La guerra fra Armenia e Azerbaigian per il controllo del Nagorno Karabakh aumenta di intensità, con il ricorso da parte azera agli armamenti avanzati di fabbricazione israeliana e turca, e di pericolosità, con l’arrivo nella zona dei combattimenti di un esercito sul libropaga turco composto dalle 4mila alle 5mila persone, formato da soldati dell’Esercito Siriano Libero, dei Lupi Grigi e, probabilmente, anche della compagnia di sicurezza privata Sadat.

L’Unione Europea ha lanciato un appello per un cessate il fuoco ai belligeranti ma la tendenza generale della diplomazia comunitaria, e della maggior parte dei Paesi membri, è di un supporto tacito all’Azerbaigian.

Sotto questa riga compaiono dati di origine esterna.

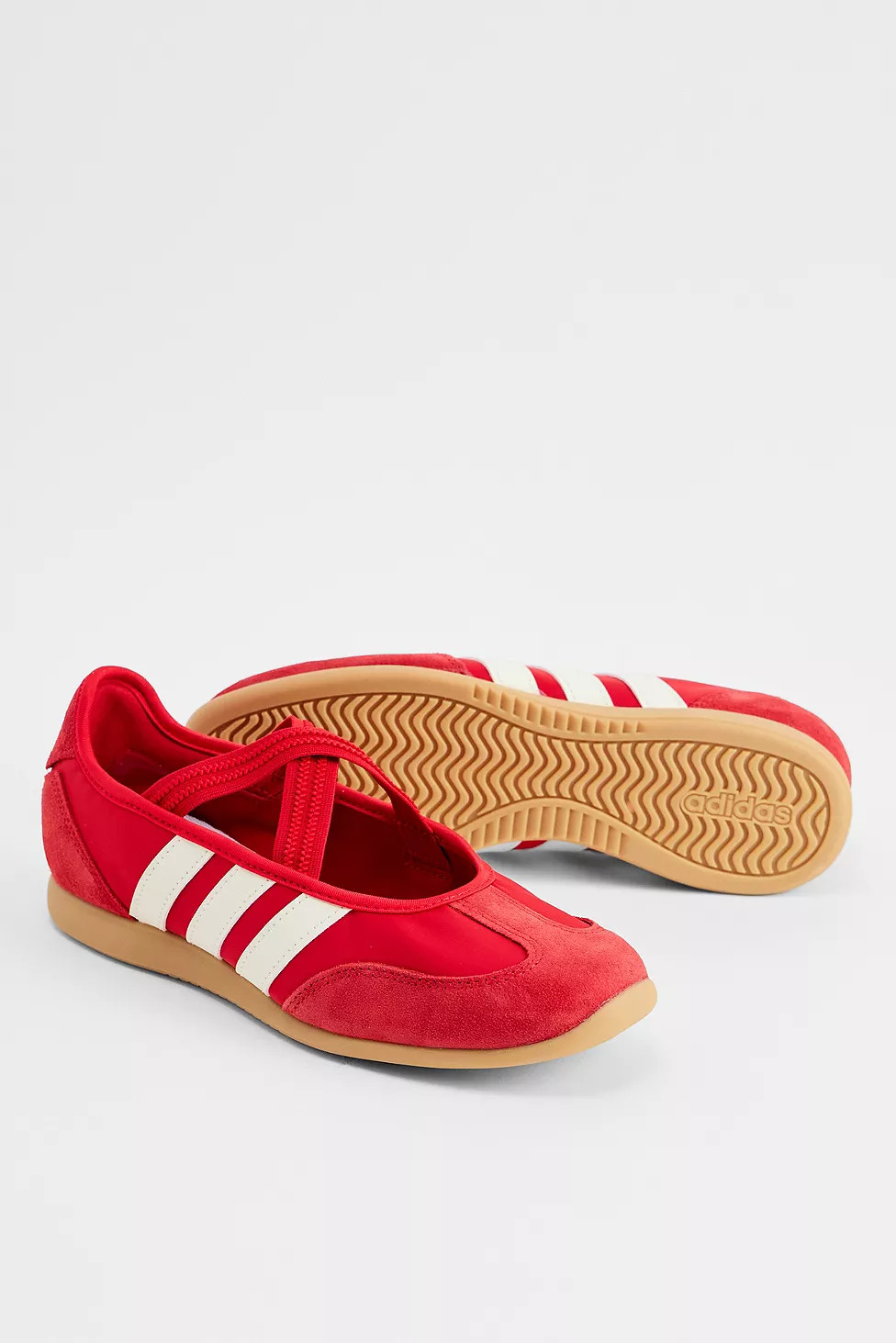adidas Red Barreda Mary Jane Shoes | Urban Outfitters UK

Quest’ultimo, infatti, è legato a Bruxelles da un partenariato strategico nel campo dell’energia, provvedendo a soddisfare circa il 5% del fabbisogno annuale comunitario di gas naturale, e riveste un ruolo pivotale per i commerci transcontinentali attraverso il porto di Baku e la linea ferroviaria Baku-Tbilisi-Kars.

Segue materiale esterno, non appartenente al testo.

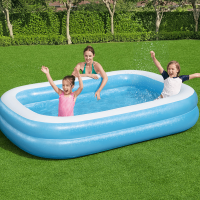 8.5 Ft Blue Rectangular Kiddie Splash Pool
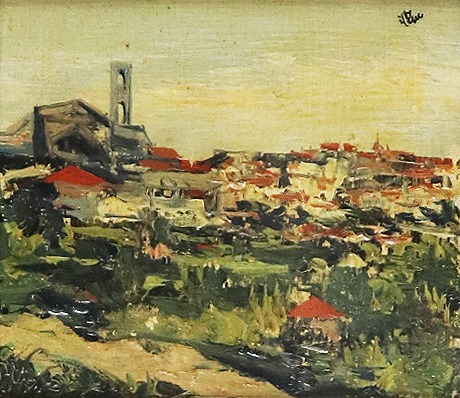 イタリー オルヴェートの遠望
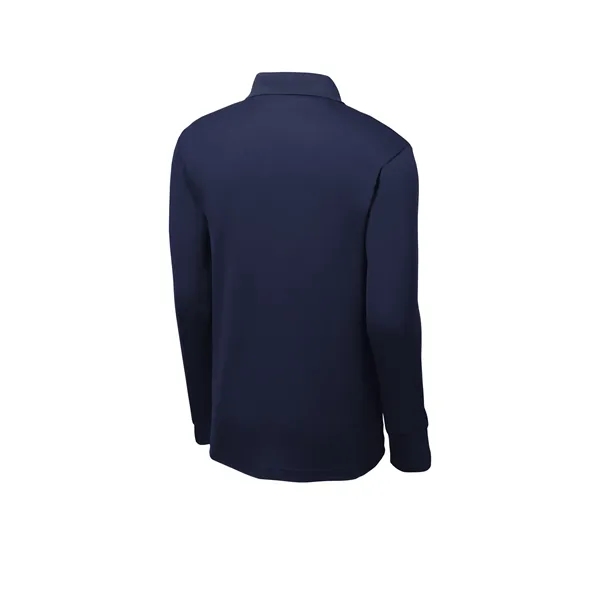 Sport-Tek Long Sleeve Micropique Sport-Wick Polo.... from ASI 84863 SanMar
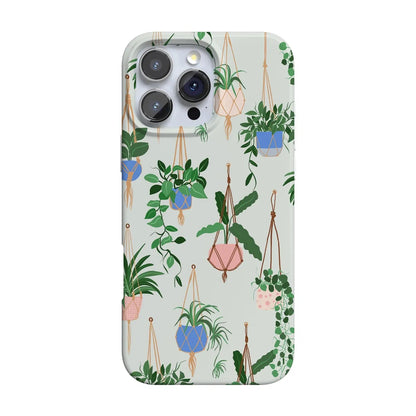 Hanging Around | Potted Plants Floral Case iPhone Case get.casely Classic + MagSafe® iPhone 16 Pro Max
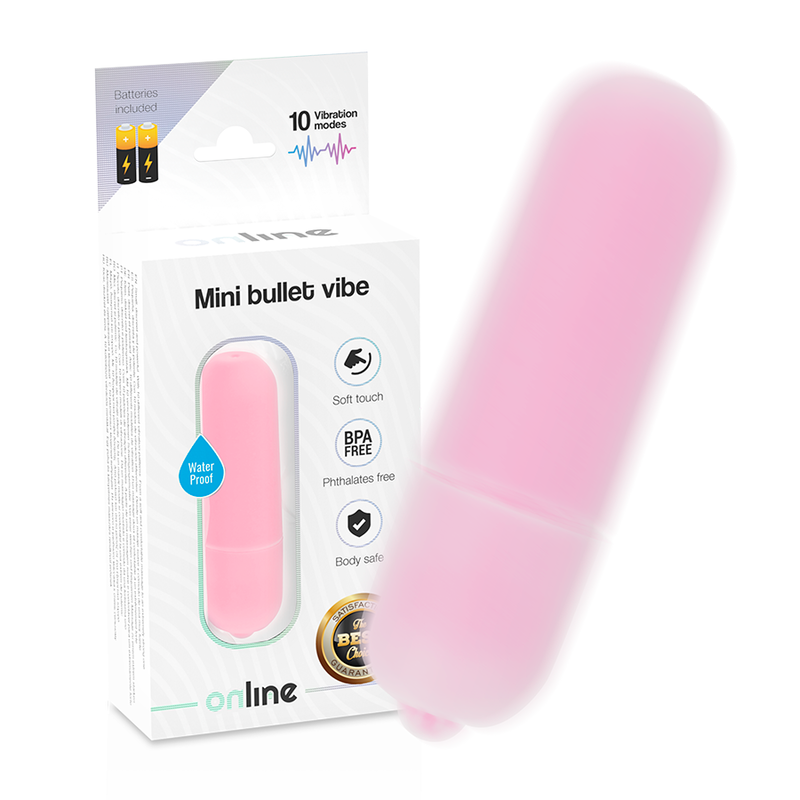 Vibrador Mini Bala Rosa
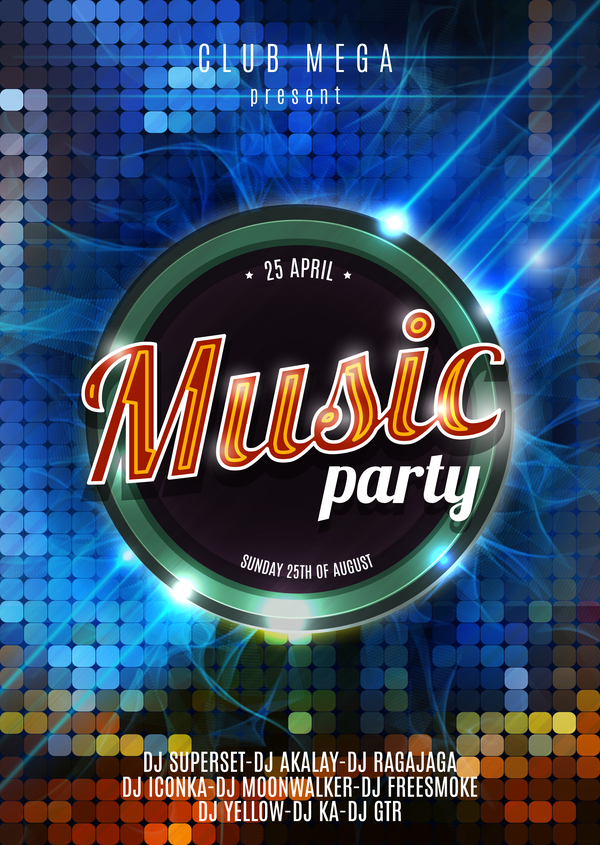 party musica moderno flyer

All’ombra degli scontri, mentre il potente ministro degli esteri turco Mevlut Cavusoglu si appresta a mettere piede a Roma per il terzo vertice intergovernativo italo-turco, nel quale si discuterà anche di quanto sta accadendo nel Nagorno Karabakh, la diplomazia dell’Eliseo si attiva per accelerare la fine della guerra, optando per un posizionamento che, pur non sorprendendo, non era del tutto scontato: supporto totale a Yerevan.

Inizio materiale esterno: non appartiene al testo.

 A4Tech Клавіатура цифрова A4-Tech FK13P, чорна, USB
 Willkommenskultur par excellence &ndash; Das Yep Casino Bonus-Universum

L’Armenia alla ricerca di alleati

L’1 ottobre il primo ministro armeno Nikol Pashinyan ha scritto un messaggio sul proprio profilo Twitter indirizzato ad un pubblico specifico di quattro Paesi: “La comunità internazionale ha affermato chiaramente che l’alleanza turco-azera sta conducendo una guerra contro l’Artsakh e l’Armenia con l’aiuto e il coinvolgimento di terroristi stranieri. Questo terrorismo minaccia allo stesso modo gli Stati Uniti, l’Iran, la Russia e la Francia”.

Al cinguettio ne ha fatto seguito un altro, strettamente collegato al precedente, che riconferma la teoria esposta sulle colonne di InsideOver allo scoppio del conflitto: questa è (anche) una guerra tra civiltà. Nella pubblicazione del primo ministro si legge: “I confini dell’Artsakh sono diventati una prima linea di civiltà. L’Artsakh sta combattendo contro il terrorismo internazionale, che non fa distinzione tra i confini geopolitici dei suoi obiettivi. L’Artsakh, l’Armenia e la nazione armena stanno combattendo per la sicurezza globale”.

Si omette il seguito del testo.